The NYT interviews Iraqi interior minister Bayan Jabr, who denies running Shiite death squads (phew) and jabrs (sorry) about that secret prison raided by the Americans last week. “Only a few detainees were punched and hit,” he claims. Reports last week were that “instruments of torture” were found there, which suggests that rather more than punching and hitting was going on, but we still haven’t been told what those instruments were. Nor what has happened to the prisoners, who Jabr describes as the “worst of the worst,” because there’s nothing more reassuring than stealing your rhetoric from Donald Rumsfeld.

Monday, November 21, 2005

Revisionism of the most corrupt and shameless variety


Bush went to Mongolia today to thank them for sending a hordette (160 troops) to Iraq and a horditesimal (12) to Afghanistan. The London Times helpfully notes, “The last Mongolian forces to go to Iraq, led by a grandson of Genghis Khan in 1258, sacked Baghdad and killed an estimated 800,000 people.” He gave Mongolia an endorsement of sorts: “This is a beautiful land, with huge skies and vast horizons -- kind of like Texas.” Yeah, they’ll be sure to put “Mongolia – kind of like Texas” on their flag. They gave him some fermented mare’s milk to drink. He points out – and I didn’t actually know this – that the current Mongolian prime minister participated 15 years ago in a hunger strike for democracy. Or as we call hunger strikes, “an Al Qaeda tactic to try to get media attention” or “a diet.”

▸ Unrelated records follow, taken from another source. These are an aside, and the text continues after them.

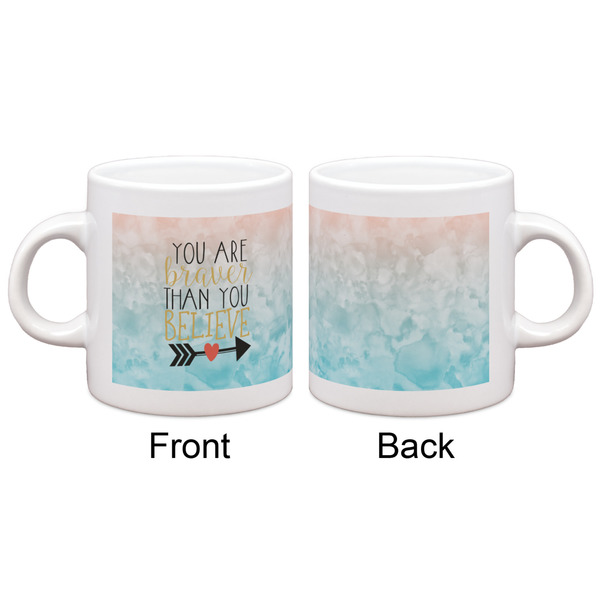 Inspirational Quotes Espresso Cup - Apvl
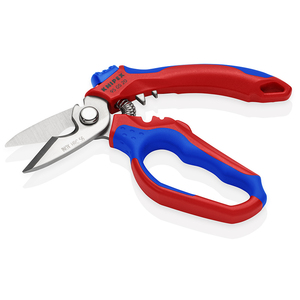 กรรไกรช่างไฟฟ้า KNIPEX 95 05 20 SB แบบมีด้ามจับหลายชิ้นส่วน หุ้มด้วยไฟเบอร์กลาส ขัดเงาแล้ว - Product Image 2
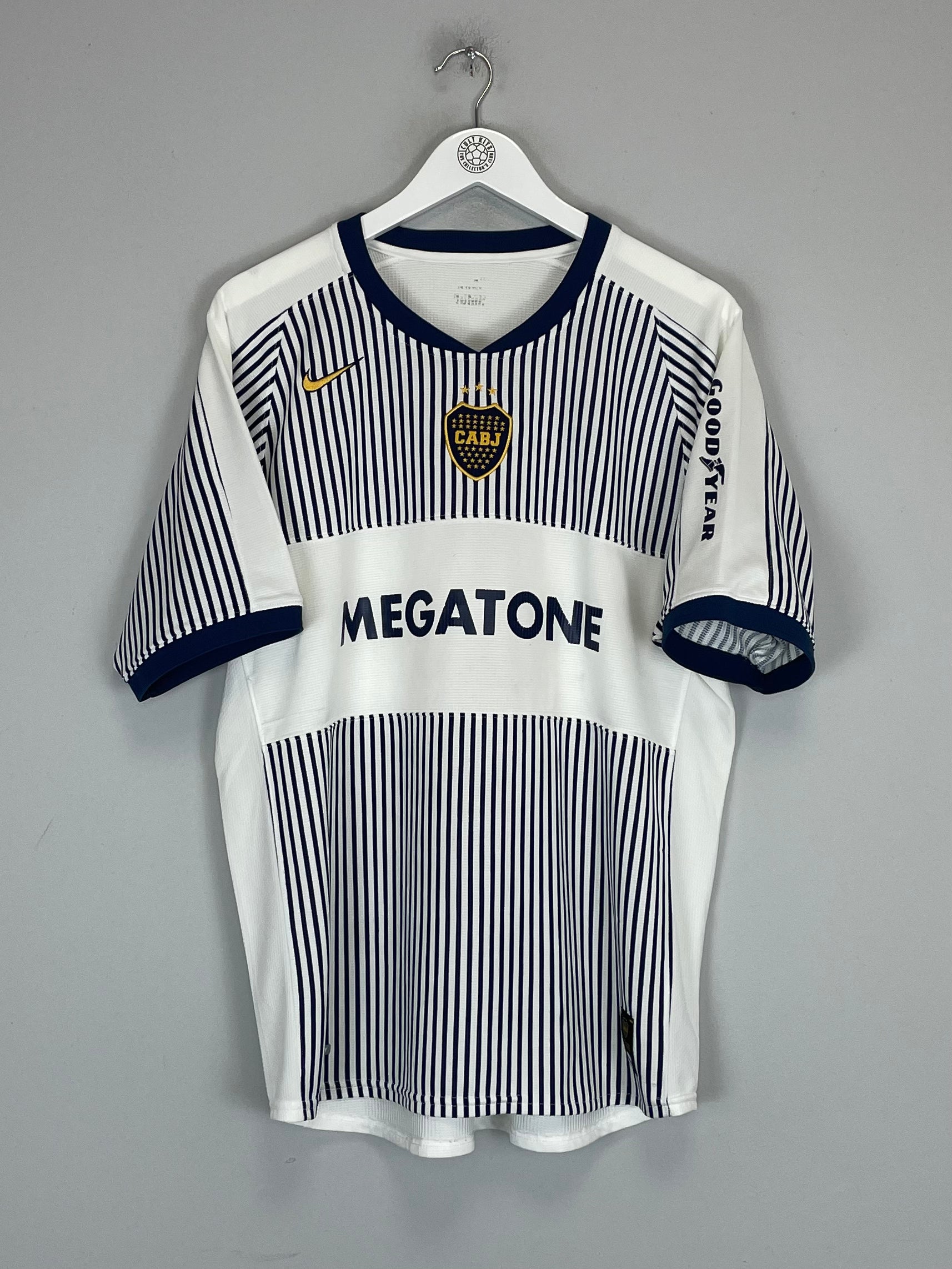 2006/07 BOCA JUNIORS AWAY SHIRT (XL) NIKE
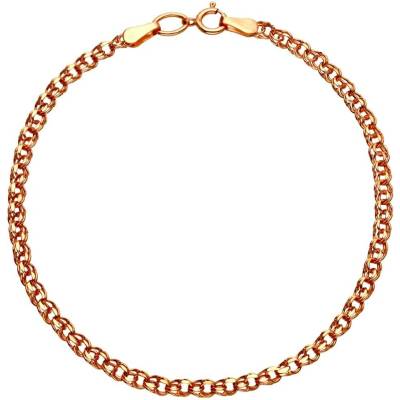 Zlaton Náramek růžové zlato 1.15g vel.18 N22122502035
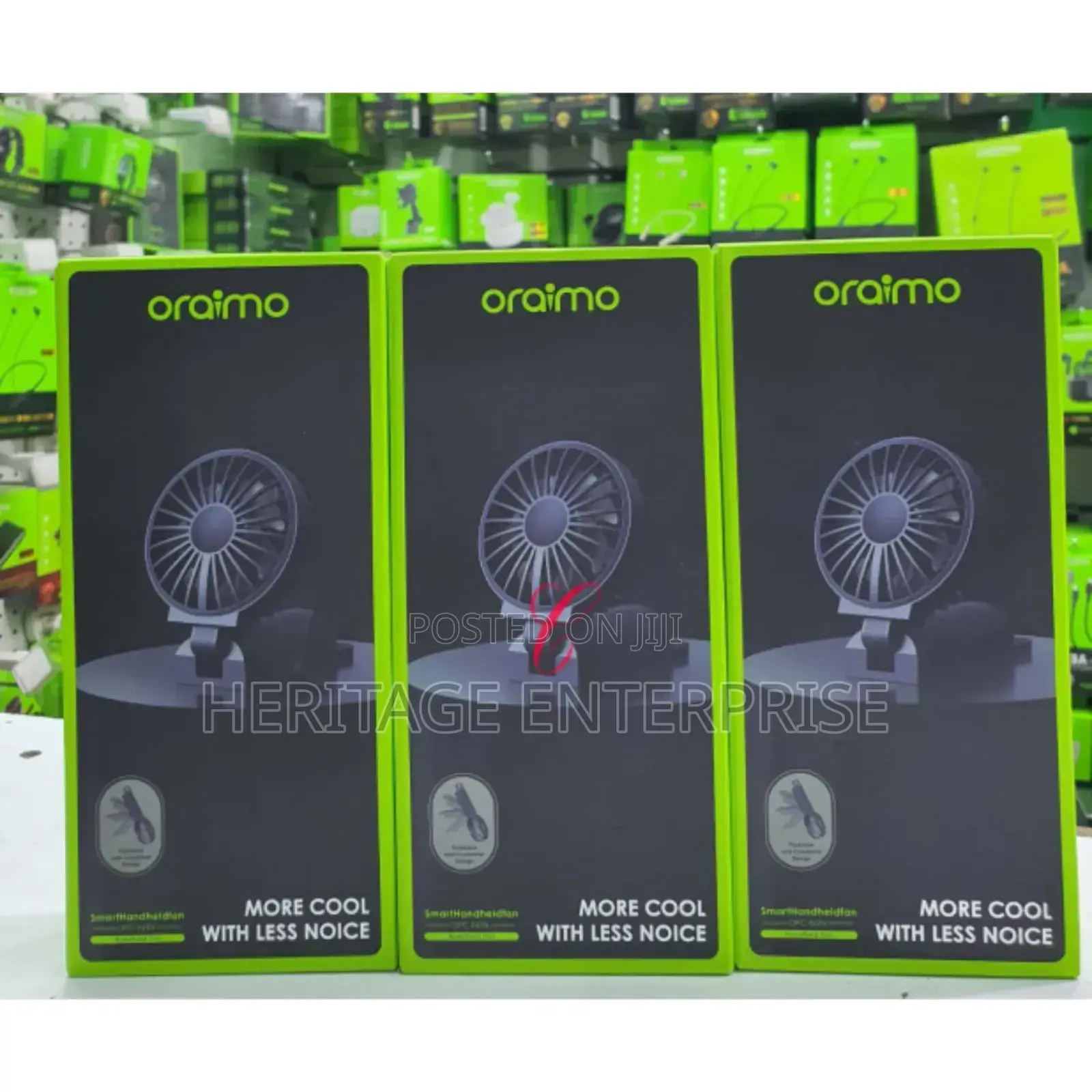Oraimo Smart Dual Blades Foldable Fan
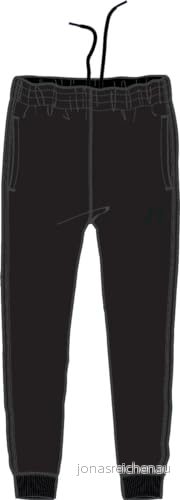 Russell Athletic herrbyxor cuffed byxa 5057711889450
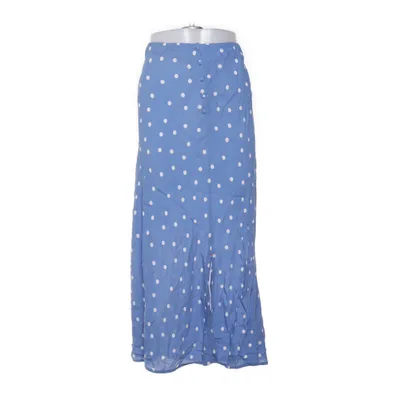 Kjol (Blå, Vit) från Joules Viskos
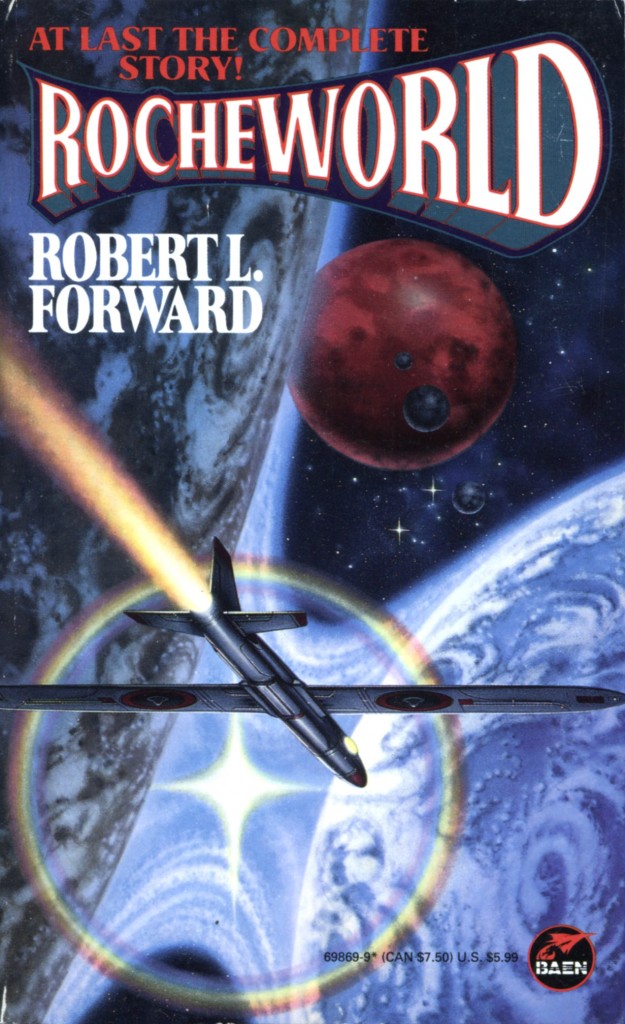 "Rocheworld" by Robert L. Forward.
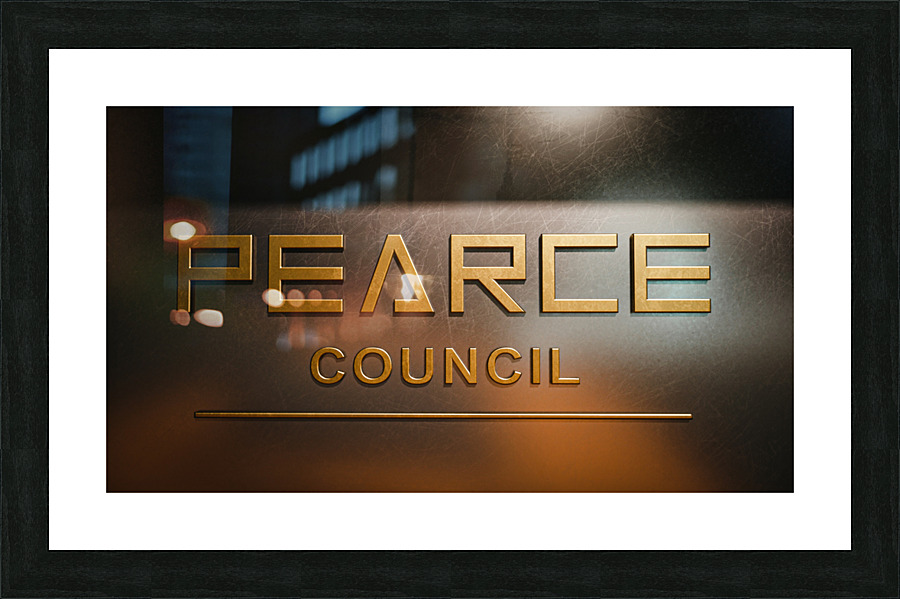 pearce con Picture Frame print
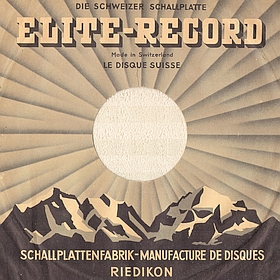 Elite-record, 10" (Elite-record, 25 cm) (mgj)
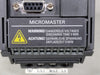 SIEMENS 3/4 hp, 240 Volts, Multi-Phase VFD 6SE9212-8CA40, Micromaster MM55/2 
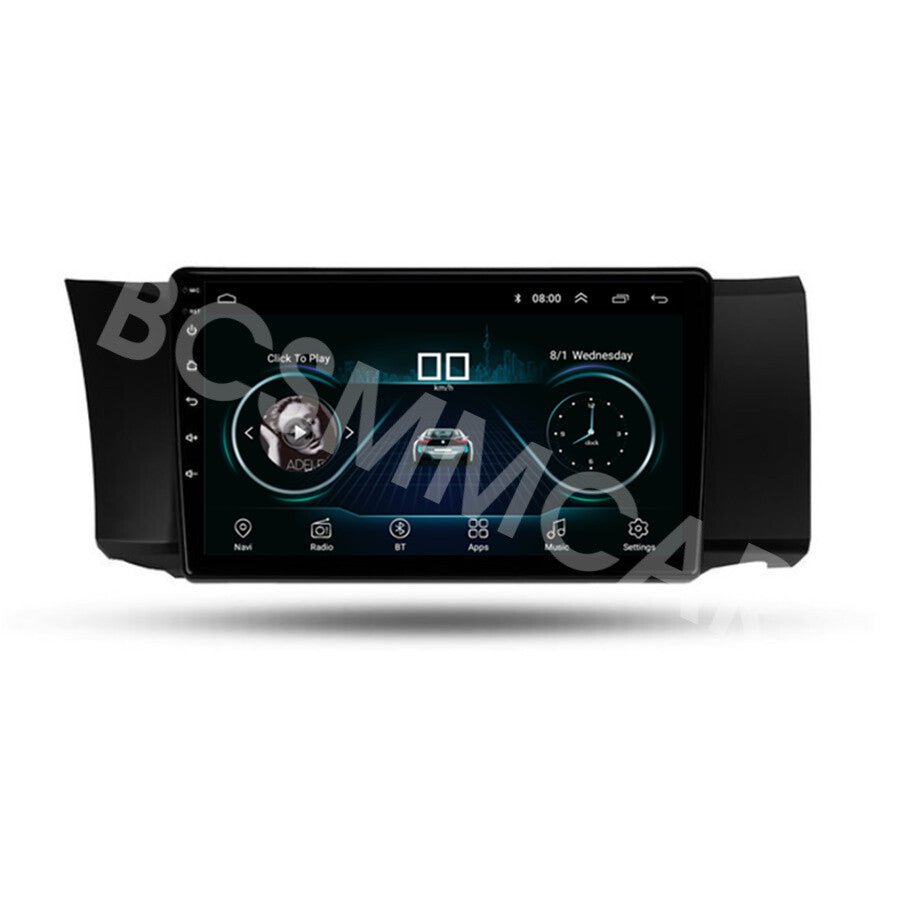 Fit For 2012-2016 for Subaru Brz / for Scion Frs for Toyota 86 Radio Stereo Android Player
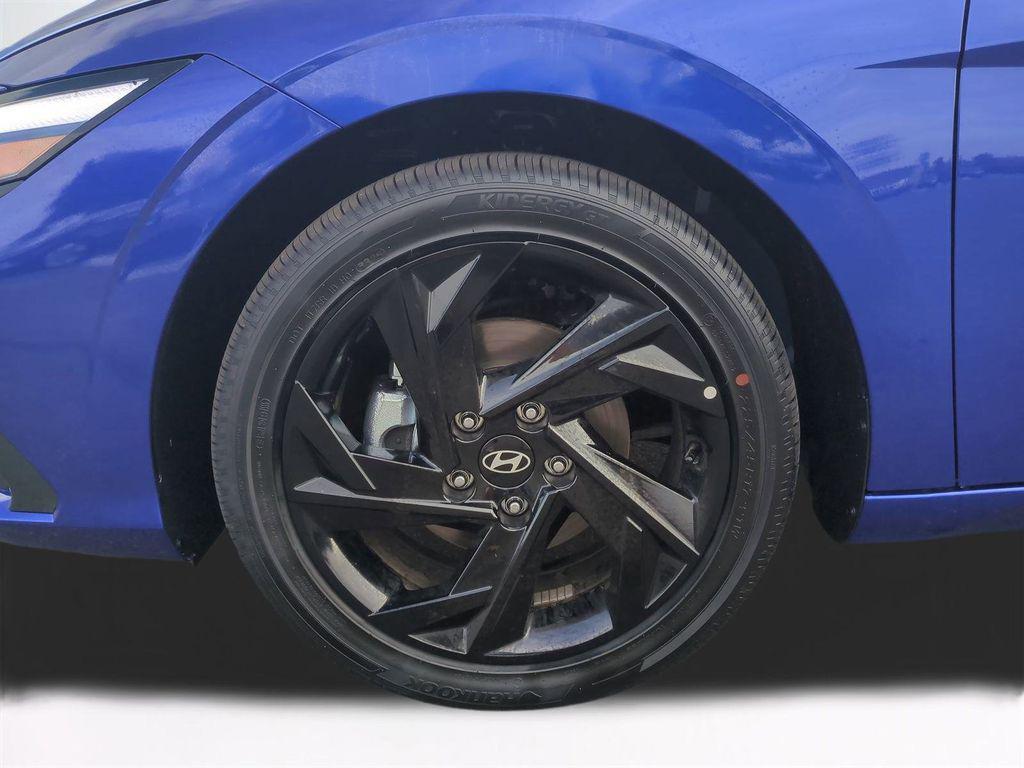 new 2026 Hyundai ELANTRA HEV car, priced at $27,823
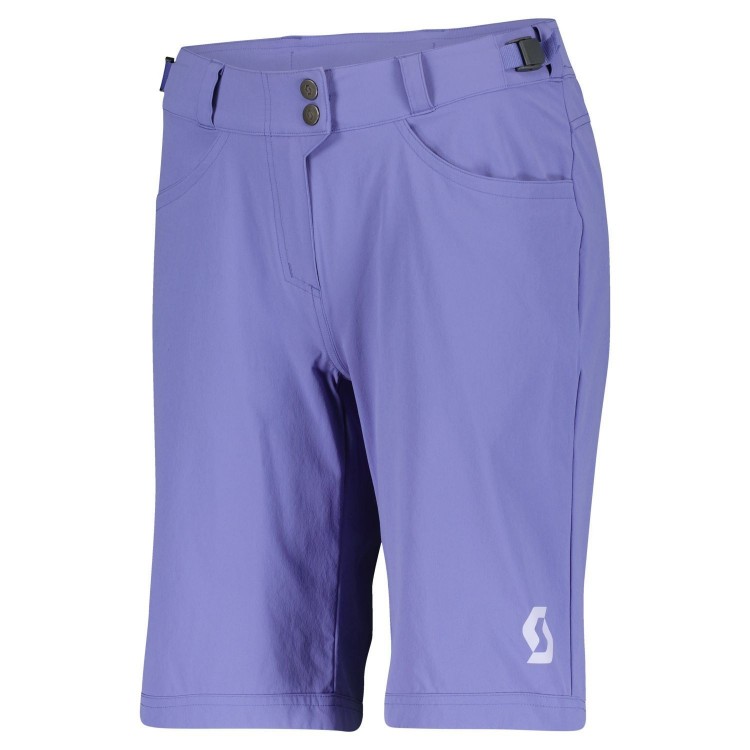 Culotte Ws Trail Flow W/Pad Dream Blue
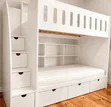 BUILT Staircase Bunk Bed with Storage - On Order - 4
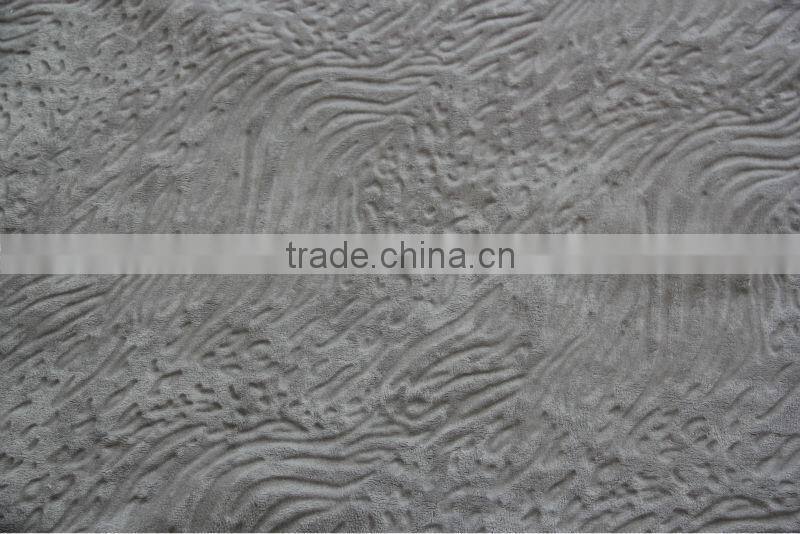 2015 New micro fiber fleece blanket/super soft flannel blanket with cutting pattern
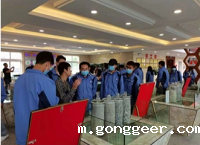 加强校企合作，深化产教融合  ——我院组织师生赴金海湖新区企业参观学习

DCI Porter Goss says the CIA doesn’t use torture, does extract information from prisoners using “unique and innovative ways.” Somehow that’s even more chilling. Goss adds himself to the chorus of people declaring that torture doesn’t work, which I’m not sure is true, but which is morally irrelevant.

Dick Cheney calls those who say the Bushies lied about intelligence guilty of “revisionism of the most corrupt and shameless variety.” Which is funny, because corrupt and shameless are... well, you know where I’m going with this. Honestly, for Cheney, a sense of shame, like a sense of irony, is just something for others to experience. He also calls such charges “dishonest and reprehensible” – possibly he got confused and was just reading off his resumé – but hey, it’s a “perfectly legitimate discussion,” as long as the opposition doesn’t use any actual, you know, words.

Like Alfred Hitchcock, but scarier

So to sum up, it’s not torture if we do it, it’s not a hunger strike if it’s done by people in our prisons, and it’s only shameless, corrupt, dishonest and reprehensible if Democrats do it.

Sunday, November 20, 2005

Contest: name that party

Ariel Sharon is leaving Likud to start his own party. But what should it be called? Entries in comments, please. Fat jokes acceptable. Acronyms are good. Slogans for extra points.

Put yourself in the shoes of a soldier who thinks that we’re going to pull out precipitously


Rumsfeld went on four Sunday talk shows to say that it’s “fair enough” to criticize the conduct of the war, oh except for the whole emboldening-the-enemy thing. So before you do that, “Put yourself in the shoes of a soldier who thinks that we’re going to pull out precipitously ... Put yourself in the shoes of the Iraqi people ... . Put yourself in the shoes of the enemy.” OK, so how does catching three types of foot fungus help anything?

The Pentagon website paraphrases: “Discussion of such a withdrawal, Rumsfeld said, surely gives our servicemembers and the Iraqi people cause to doubt the wisdom of their sacrifice.” Oh, and also remember: every time you discuss ending the occupation, a puppy dies and the angels weep; but it’s a free country...

On CBS he said, “There is no doubt in my mind that were we to pull out precipitously, the American people would be in greater danger than they are today.” That’s the problem, Rummy: there’s never any doubt in your mind. And you’re always wrong.


Every time he was asked about something awkward, like the secret prisons in Iraq, he claimed not to know anything about it because he’s been in Australia.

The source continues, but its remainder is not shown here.